BBC journalist Sarah Rainsford has left Russia as a result of a de facto expulsion that the British broadcaster called an assault on media freedom amid a dispute with Moscow over the treatment of foreign journalists.
Rainsford is one of two BBC English-language correspondents in Moscow and was told to leave after Moscow accused London of discriminating against Russian journalists working in the United Kingdom.
After more than two decades reporting from Russia, she wrote in a farewell report on August 31 that "by the time you read it I'll be on my way back to England, expelled from Russia as a national security threat."
Moscow has alleged British official mistreatment in the case of a journalist for the Russian state's TASS news agency who it says was effectively expelled in 2019 when his visa was not renewed without explanation.
Rainsford said she began to suspect she was "being singled out a year ago when the Russian Foreign Ministry started issuing me short-term visas."
She said that then on August 10 she was "taken aside at passport control at Moscow's Sheremetyevo airport and told I'd been barred from Russia by the FSB," Russia's Federal Security Service. There was no further explanation, she said, except that she was being refused entry "indefinitely."
"Ask the FSB," she quoted the airport border-guard officer as saying.
Rainsford said the notice came after she flew in from Minsk, where she was covering the unprecedented protests against the rule of Alyaksandr Lukashenka, a five-term president whose declaration of victory in August 2020 sparked a domestic and international outcry and left him turning desperately to Russian President Vladimir Putin for support.
She said that she was granted one last entry to Russia in order to collect belongings accrued during two decades as a reporter there.

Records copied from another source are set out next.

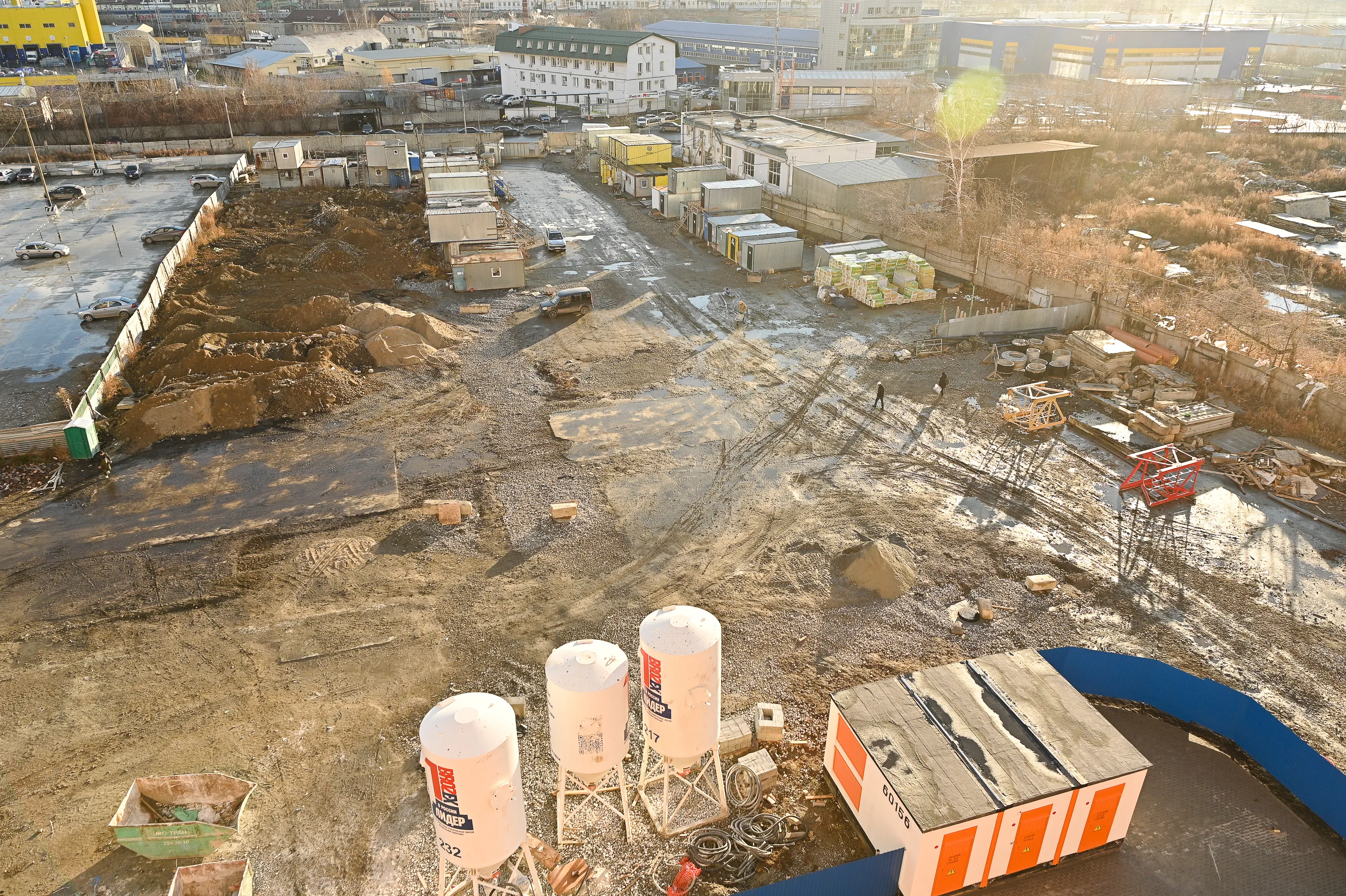 ЖК Космос ход строительства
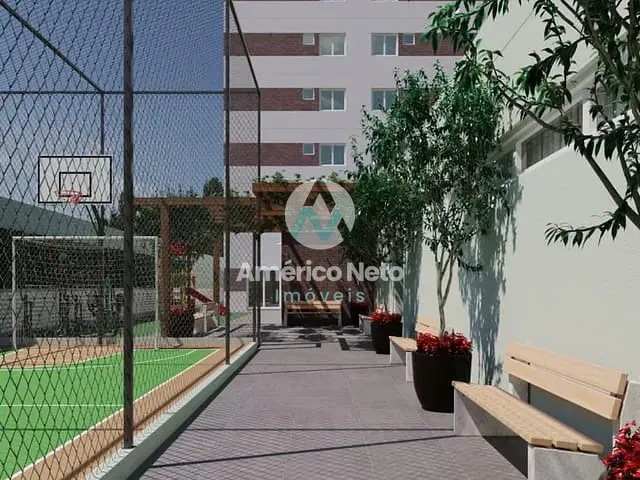 Apartamento 2 quartos e 1 banheiro, à venda, no bairro Barcelona em São Caetano do Sul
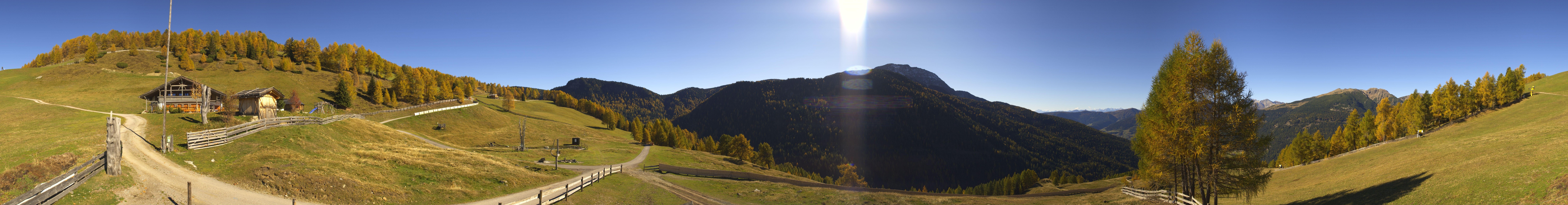 Archived image Webcam Sunnolm near Reinswald, Sarn valley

The British government urged Russian authorities to reconsider cutting Rainsford's access to the country, while the BBC criticized it as a "direct assault on media freedom."
Russia is due to hold local and national elections in September that have been preceded by a tightening of checks on the media and opposition challengers to Putin's allies.
Moscow has reportedly suggested it will keep its exclusion of Rainsford or any BBC replacement in place unless U.K. authorities grant a visa to a Russian journalist it wants to relocate to London.
Reporters Without Borders (RSF) warned on August 31 that the Russian state was "tightening its grip" on the Internet, "drastically" restricting freedom of the press and of expression ahead of the elections.
The Paris-based group cited Rainsford's case as a signal that "foreign reporters will only be allowed to go about their work unhindered as long as they refrain from criticizing those in power in the Kremlin too strongly."
A number of leading Russian news journals and websites recently joined forces to protest against the authorities' targeting of a growing number of independent media outlets and journalists under Russia's controversial "foreign agent" law.
That law is set up to target media, NGOs, and individuals that receive funding from outside of Russia.